Mesmo assim, a cada noite os guaxinins do Central Park enchem a pança com qualquer coisa que os visitantes do parque ofereçam. Em uma noite recente, havia animais comendo balas de goma orgânicas em forma de urso, jogadas para eles por um bebê em seu carrinho; batatas chips; e um pedaço de cachorro-quente. Ocasionalmente, eles ganham um verdadeiro banquete –um padeiro local aparece para despejar três dúzias de bagels vencidos na área que eles ocupam.

Enquanto a noite caía, Fernando Caligaris, 29, apareceu com sua mãe, a dra. Maria Caligaris, de São Paulo, para ver os animais.
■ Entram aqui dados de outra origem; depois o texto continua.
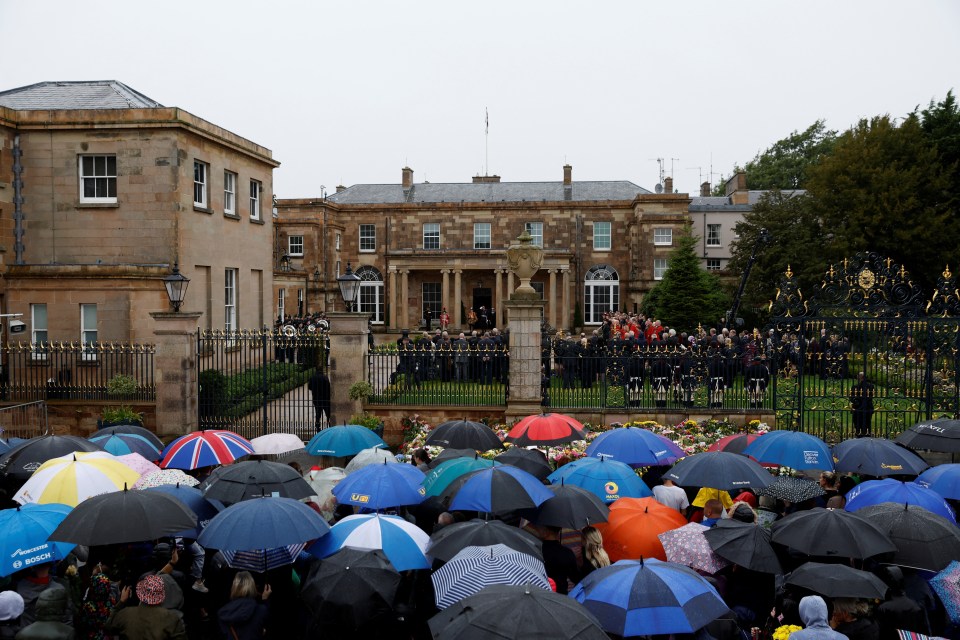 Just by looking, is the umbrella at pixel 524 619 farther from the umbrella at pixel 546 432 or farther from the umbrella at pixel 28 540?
the umbrella at pixel 546 432

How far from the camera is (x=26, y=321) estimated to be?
22125 millimetres

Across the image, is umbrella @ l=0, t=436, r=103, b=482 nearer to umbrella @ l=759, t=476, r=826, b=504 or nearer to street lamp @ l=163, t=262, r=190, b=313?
street lamp @ l=163, t=262, r=190, b=313

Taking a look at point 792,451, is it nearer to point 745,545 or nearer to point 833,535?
point 833,535

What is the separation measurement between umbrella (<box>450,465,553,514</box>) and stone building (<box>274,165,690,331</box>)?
38.3 meters

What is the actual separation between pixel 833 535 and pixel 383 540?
410 centimetres

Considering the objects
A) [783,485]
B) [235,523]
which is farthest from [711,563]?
[235,523]

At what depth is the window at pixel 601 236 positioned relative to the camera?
49688mm

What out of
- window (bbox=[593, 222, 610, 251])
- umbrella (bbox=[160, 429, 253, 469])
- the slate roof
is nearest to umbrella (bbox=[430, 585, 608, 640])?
umbrella (bbox=[160, 429, 253, 469])

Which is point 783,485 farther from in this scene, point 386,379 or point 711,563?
point 386,379

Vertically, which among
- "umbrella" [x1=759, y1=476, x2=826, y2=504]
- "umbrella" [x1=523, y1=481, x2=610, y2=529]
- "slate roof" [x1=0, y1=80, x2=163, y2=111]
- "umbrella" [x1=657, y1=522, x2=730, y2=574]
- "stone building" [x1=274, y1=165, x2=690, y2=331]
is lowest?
"umbrella" [x1=657, y1=522, x2=730, y2=574]

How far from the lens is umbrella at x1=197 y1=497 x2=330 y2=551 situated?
23.9 feet

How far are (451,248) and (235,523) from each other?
43.3 meters

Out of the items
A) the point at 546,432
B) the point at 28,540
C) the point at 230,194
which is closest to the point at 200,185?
the point at 230,194

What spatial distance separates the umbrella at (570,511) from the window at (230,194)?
826 inches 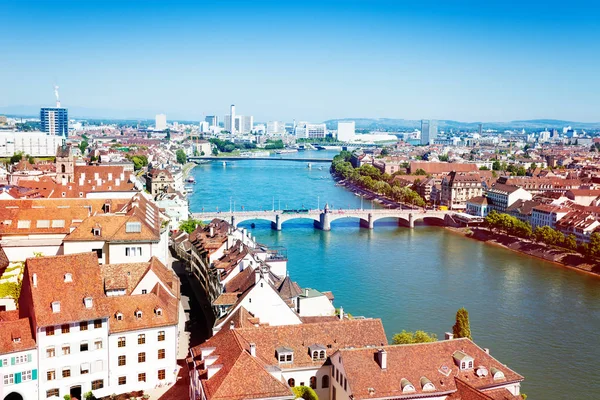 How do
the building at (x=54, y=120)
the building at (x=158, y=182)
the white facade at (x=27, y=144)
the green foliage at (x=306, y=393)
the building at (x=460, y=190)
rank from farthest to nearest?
the building at (x=54, y=120)
the white facade at (x=27, y=144)
the building at (x=460, y=190)
the building at (x=158, y=182)
the green foliage at (x=306, y=393)

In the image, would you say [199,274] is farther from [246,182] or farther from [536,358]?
[246,182]

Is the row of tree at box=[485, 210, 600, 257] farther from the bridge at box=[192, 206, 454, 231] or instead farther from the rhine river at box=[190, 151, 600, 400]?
the bridge at box=[192, 206, 454, 231]

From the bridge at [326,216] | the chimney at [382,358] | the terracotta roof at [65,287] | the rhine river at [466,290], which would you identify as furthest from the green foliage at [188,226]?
the chimney at [382,358]

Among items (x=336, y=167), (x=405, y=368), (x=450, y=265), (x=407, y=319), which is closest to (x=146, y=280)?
(x=405, y=368)

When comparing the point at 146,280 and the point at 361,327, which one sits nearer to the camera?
the point at 361,327

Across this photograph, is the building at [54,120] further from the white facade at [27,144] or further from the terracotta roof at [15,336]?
the terracotta roof at [15,336]

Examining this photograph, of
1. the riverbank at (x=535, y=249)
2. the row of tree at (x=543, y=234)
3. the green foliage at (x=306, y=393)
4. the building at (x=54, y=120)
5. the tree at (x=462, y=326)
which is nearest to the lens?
the green foliage at (x=306, y=393)

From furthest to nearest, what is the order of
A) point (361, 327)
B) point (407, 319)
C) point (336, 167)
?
point (336, 167)
point (407, 319)
point (361, 327) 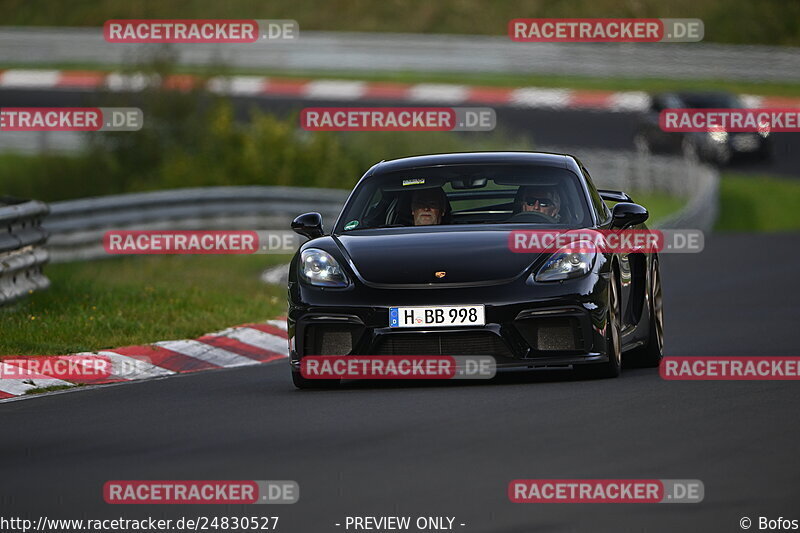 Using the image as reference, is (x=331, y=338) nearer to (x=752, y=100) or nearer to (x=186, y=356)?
(x=186, y=356)

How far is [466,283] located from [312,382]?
3.71 ft

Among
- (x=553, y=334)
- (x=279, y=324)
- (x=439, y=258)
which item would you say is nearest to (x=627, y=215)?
(x=553, y=334)

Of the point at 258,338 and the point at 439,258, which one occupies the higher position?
the point at 439,258

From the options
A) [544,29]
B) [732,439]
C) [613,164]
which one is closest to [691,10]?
[544,29]

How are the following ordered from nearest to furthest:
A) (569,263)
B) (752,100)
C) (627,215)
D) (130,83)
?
(569,263), (627,215), (130,83), (752,100)

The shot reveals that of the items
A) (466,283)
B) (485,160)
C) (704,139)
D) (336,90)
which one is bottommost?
(466,283)

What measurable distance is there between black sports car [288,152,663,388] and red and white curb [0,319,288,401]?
166cm

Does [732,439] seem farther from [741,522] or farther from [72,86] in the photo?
[72,86]

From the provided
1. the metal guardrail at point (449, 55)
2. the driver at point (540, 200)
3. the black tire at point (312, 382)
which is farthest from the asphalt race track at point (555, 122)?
the black tire at point (312, 382)

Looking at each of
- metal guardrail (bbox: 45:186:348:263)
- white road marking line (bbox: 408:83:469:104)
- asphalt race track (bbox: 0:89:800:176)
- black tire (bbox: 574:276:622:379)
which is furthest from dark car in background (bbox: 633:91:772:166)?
black tire (bbox: 574:276:622:379)

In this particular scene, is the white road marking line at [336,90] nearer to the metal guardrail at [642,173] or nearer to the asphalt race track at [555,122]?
the asphalt race track at [555,122]

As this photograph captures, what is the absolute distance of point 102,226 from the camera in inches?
840

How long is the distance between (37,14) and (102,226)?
34.4m

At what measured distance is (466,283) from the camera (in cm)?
988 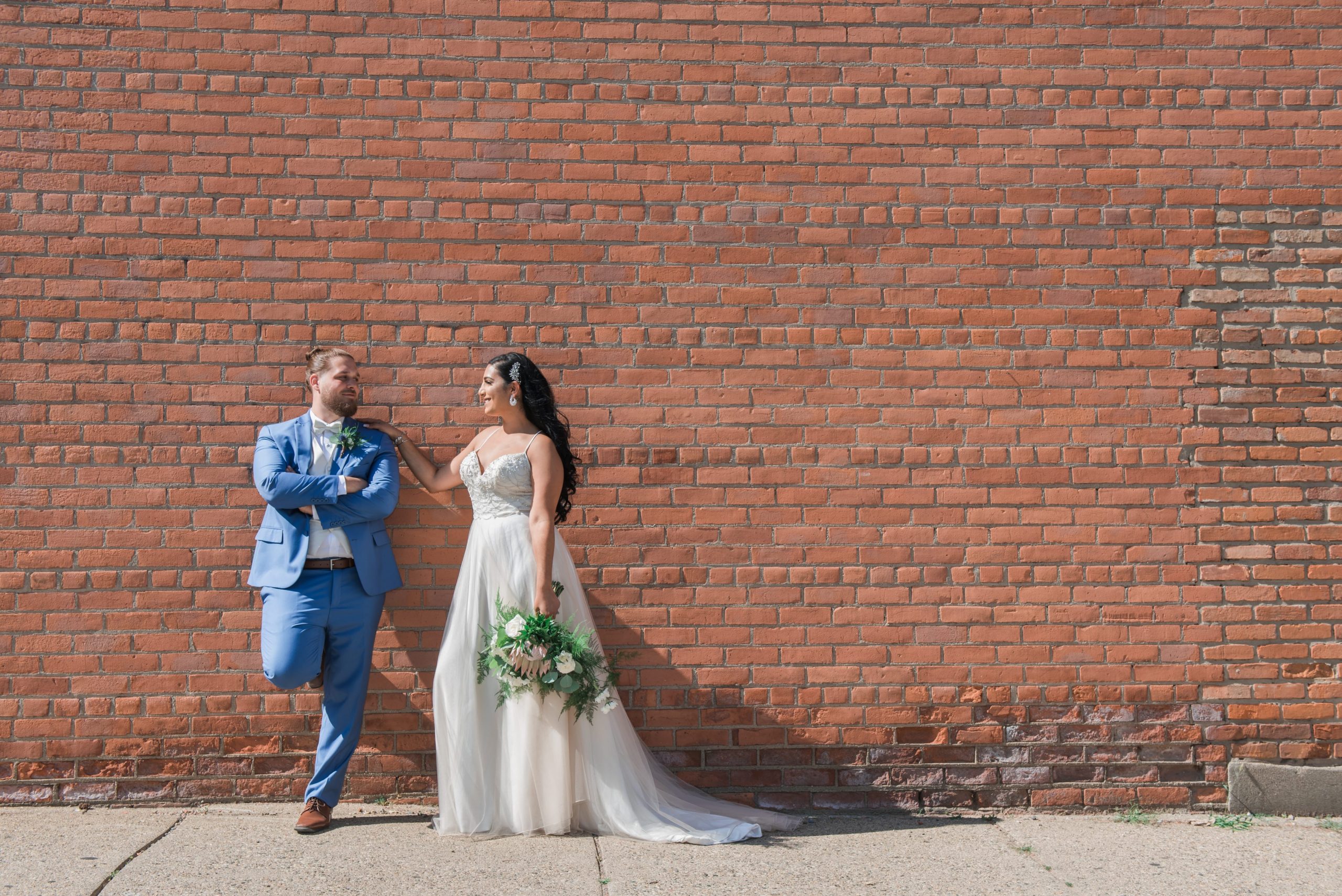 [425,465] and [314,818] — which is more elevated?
[425,465]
Quando o filho, que trabalha por ali, contou a ela sobre o pequeno exército de guaxinins perto de seu escritório, ela acrescentou uma nova parada ao seu itinerário turístico. "O Metropolitan Museum, o Museu de História Natural, a ponte do Brooklyn", disse Caligaris. "E os guaxinins".

Os guaxinins muitas vezes emergem do mato e surpreendem as hordas de jogadores de Pokémon Go que caminham pelo parque à noite, entre os quais o ator Leonardo Altafini, 28, que vive no Brooklyn. Ele estava caminhando com os amigos na expectativa de capturar criaturas virtuais, e não de encontrar criaturas vivas.

"Eles são como pequenos pokémons", disse Altafini, desviando o olhar da tela na direção de um guaxinim que se aproximava de sua perna. Ele parou por um momento para admirar as bolas de pelo de cauda listrada que o cercavam, mas só por um momento. "Tem um Squirtle lá!", um amigo dele gritou, falando de um dos monstrinhos digitais.

Os dois saíram à caça da criatura virtual, deixando para trás as quase duas dúzias de guaxinins, que farejavam em busca de algo mais para comer.